• Dataset extract:
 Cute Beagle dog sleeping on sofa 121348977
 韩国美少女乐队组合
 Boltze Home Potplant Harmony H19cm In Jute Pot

• Problem to work on:
Whatever appears in the data above must be copied word for word.

• Task response:
 Cute Beagle dog sleeping on sofa 121348977
 韩国美少女乐队组合
 Boltze Home Potplant Harmony H19cm In Jute Pot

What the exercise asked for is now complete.